US Utilities Commit to 116 GW Of Large-Load Capacity Growth, Equal To 15.5% of Current National Peak Demand

Representational image. Credit: Canva

A new Wood Mackenzie study reveals that U.S. utilities are preparing for substantial growth in large load capacity, with 116 gigawatts (GW) already committed or under construction—equivalent to 15.5% of the nation’s current peak electricity demand. When projects under advanced discussion or short-term forecasts are included, the total rises to 147 GW, or 20% of peak demand. The report, “No Turning Back: An Analysis of Utility Large Load Pipelines,” highlights that much of this capacity is expected to come online within this decade. By 2030, about 60 GW—representing 8% of today’s peak demand—is projected to be added.

Utilities anticipate 93 GW will be operational by 2035, although little information has been disclosed about projects beyond that year. Ben Hertz-Shargel, Wood Mackenzie’s global head of Grid Edge, noted that utilities are rapidly committing to new loads this decade, but warned that the market may struggle to meet this demand on the planned timeline, potentially delaying projects. The study also points to a shift in where large load projects are being developed. Currently, 91% of the 17 GW under construction is located in regulated markets.

However, 54% of committed capacity not yet under construction and 65% of advanced-discussion capacity are planned for deregulated markets. Nearly three-quarters of these high-confidence loads are concentrated in the ERCOT and PJM regions. According to Hertz-Shargel, the growing presence of projects in deregulated markets—especially in ERCOT—carries risks such as supply shortfalls and price increases for smaller customers. These challenges have already prompted market interventions in Texas and PJM, with further regulatory actions expected.

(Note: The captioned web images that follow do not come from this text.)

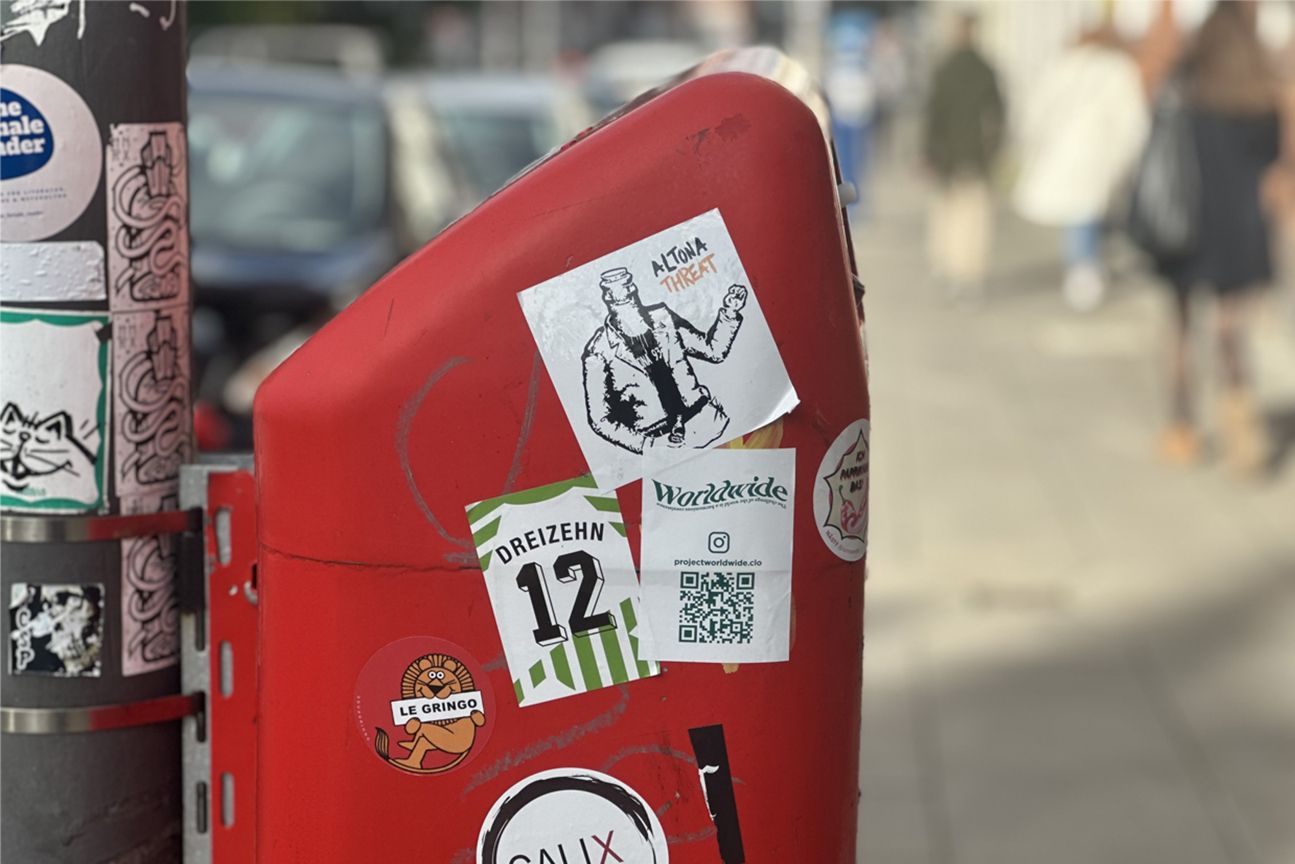 iPhone 14 Pro Max Bokeh (Tele) iPhone 14 Pro Max Bokeh (Tele)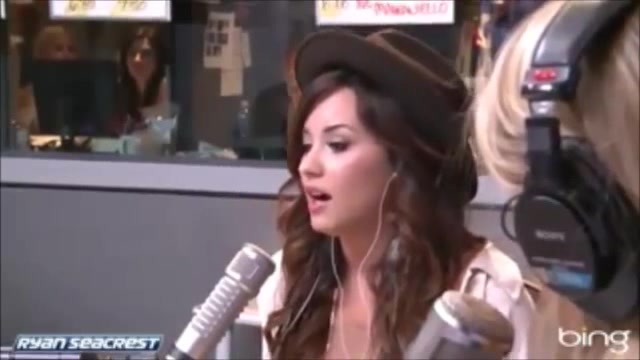 Demi Lovato\'s Interview with Ryan Seacrest -Skyscraper premier [Full] 1503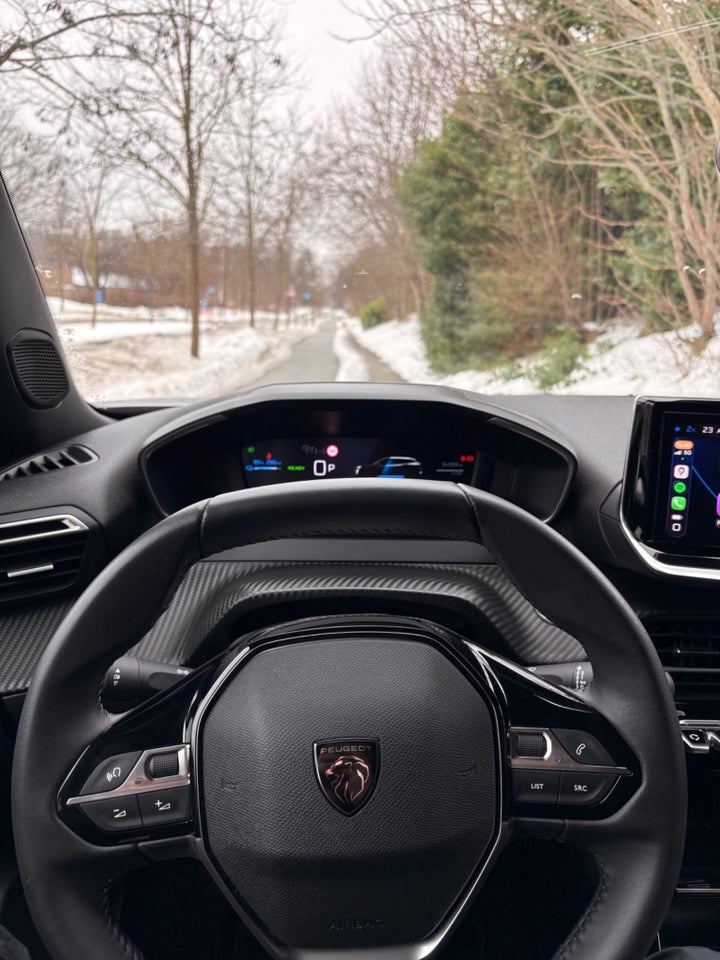 Peugeot e-2008 54 Allure 5d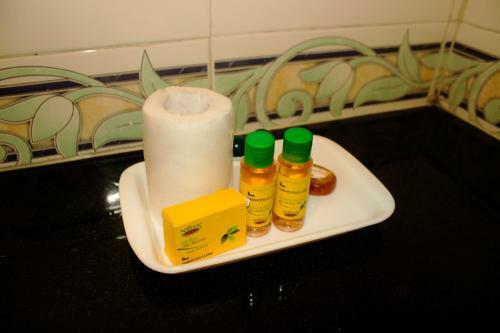 Fabhotel Pearl Grand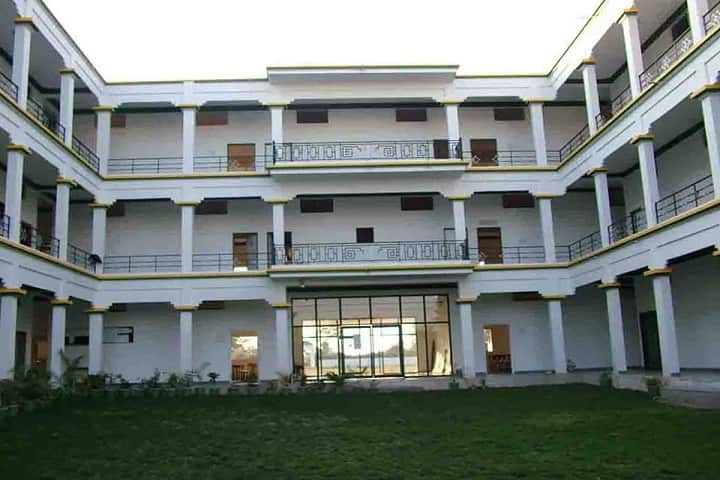 Vardhaman College campus in Itarsi, Madhya Pradesh, India — photo 1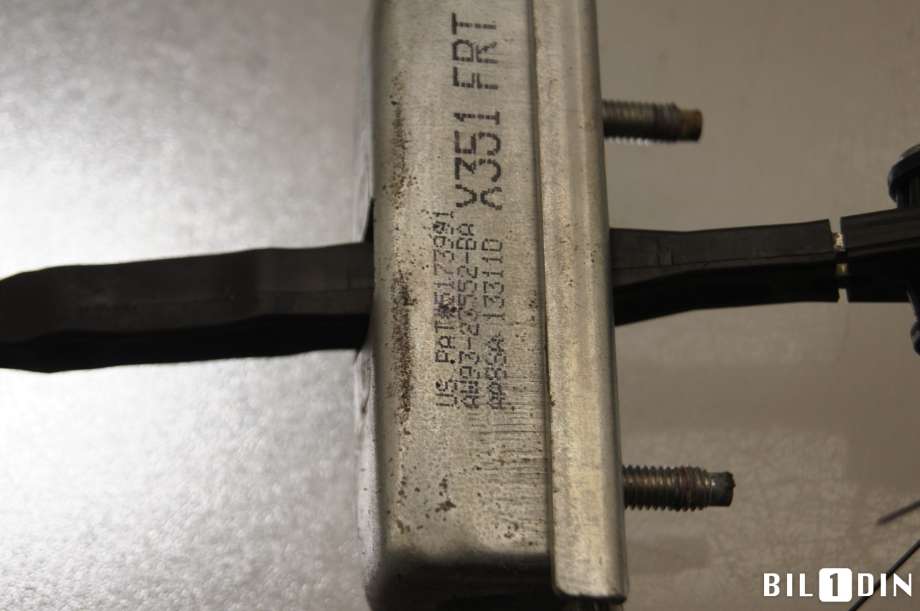 Dørstopper til Jaguar XJ X351 2010-->>  (C2D26922||AW9323552BA)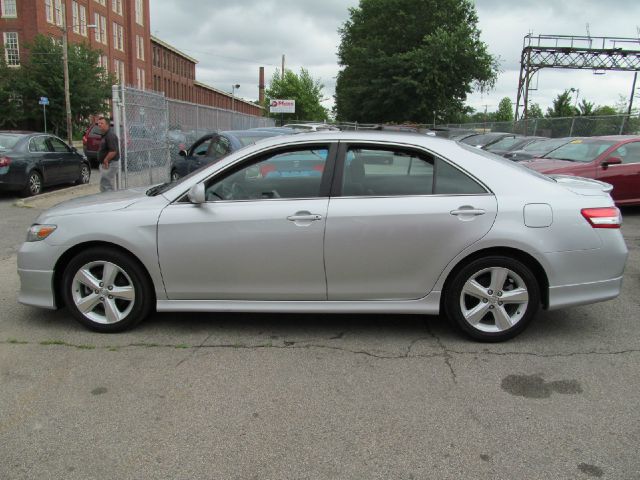 2011 Toyota Camry FX4 Super Crew 4x4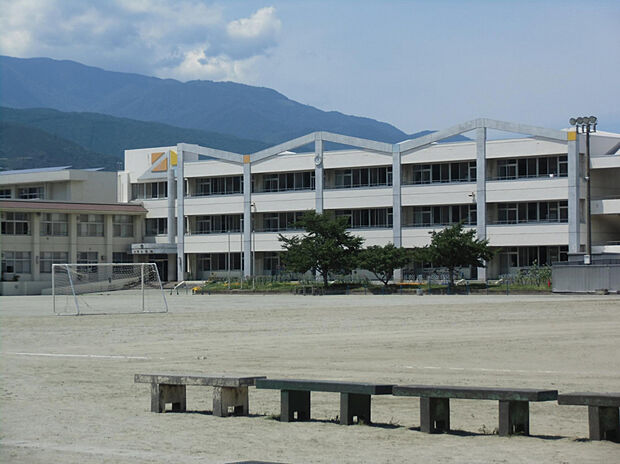 大明小学校(約1,035m)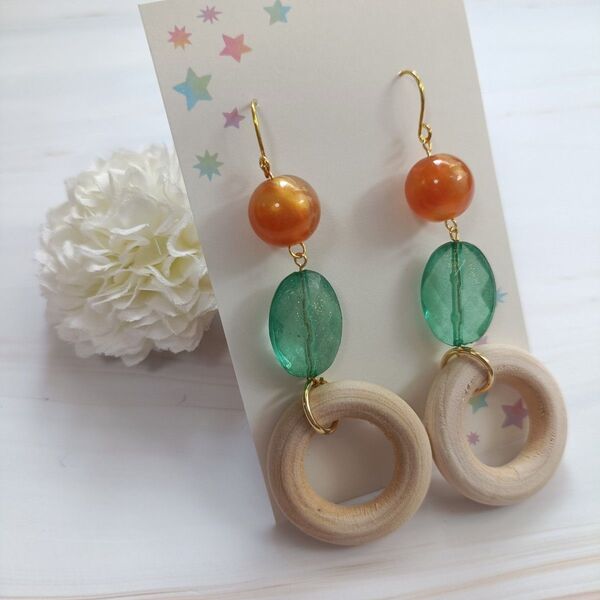 ハンドメイド ピアス オレンジ×グリーン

The report warns that pipeline certainty is declining, as new requests outpace the advancement or withdrawal of existing projects. While some utilities have slightly increased their high-confidence capacity, its overall share of the pipeline has decreased in recent quarters. Data centers are a major factor adding to this uncertainty. For projects exceeding 300 MW, the ramp-up to full contract capacity can take much longer than four years, making it difficult to predict when the grid will actually experience the new load. Hertz-Shargel emphasized that the timing of demand ultimately depends on data center developers, not just utilities.